BEGIN GIVEN MATERIAL

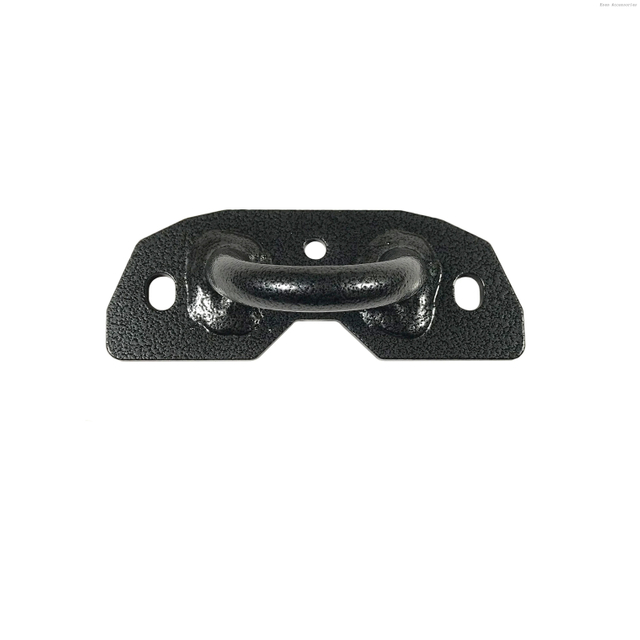 Anillo de amarre de contenedor de envío ISO de alta calidad, anillos en D atornillados para sujetar estantes de forma segura, piezas y accesorios de contenedores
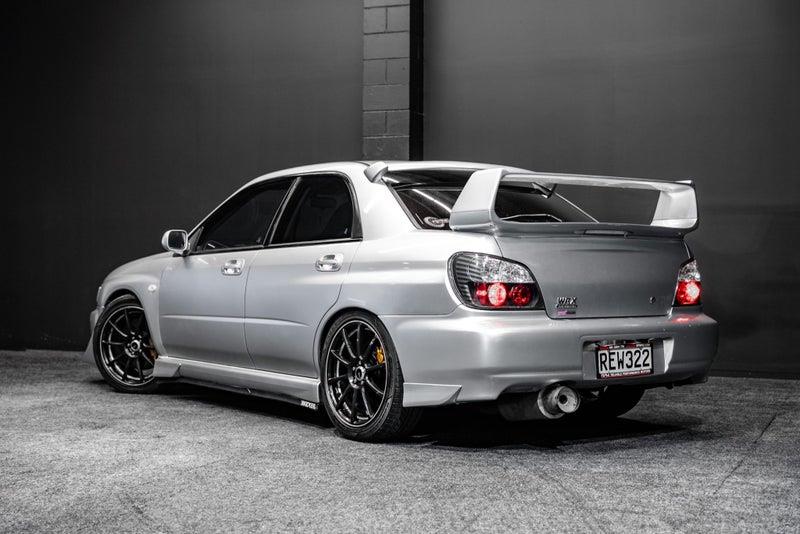 2000 Subaru Impreza
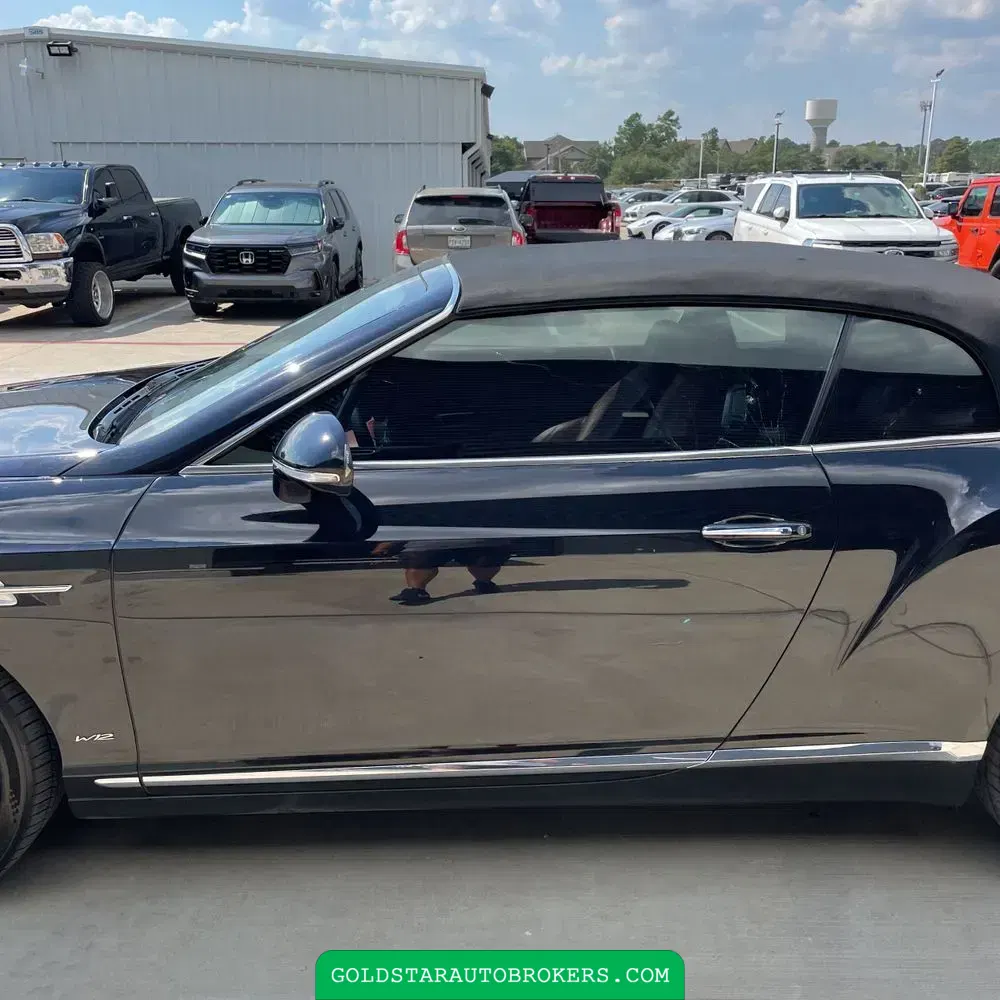 2016 Bentley Continental GTC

END GIVEN MATERIAL

Set down the material word for word, and drop every picture from it.

 Anillo de amarre de contenedor de envío ISO de alta calidad, anillos en D atornillados para sujetar estantes de forma segura, piezas y accesorios de contenedores
 2000 Subaru Impreza
 2016 Bentley Continental GTC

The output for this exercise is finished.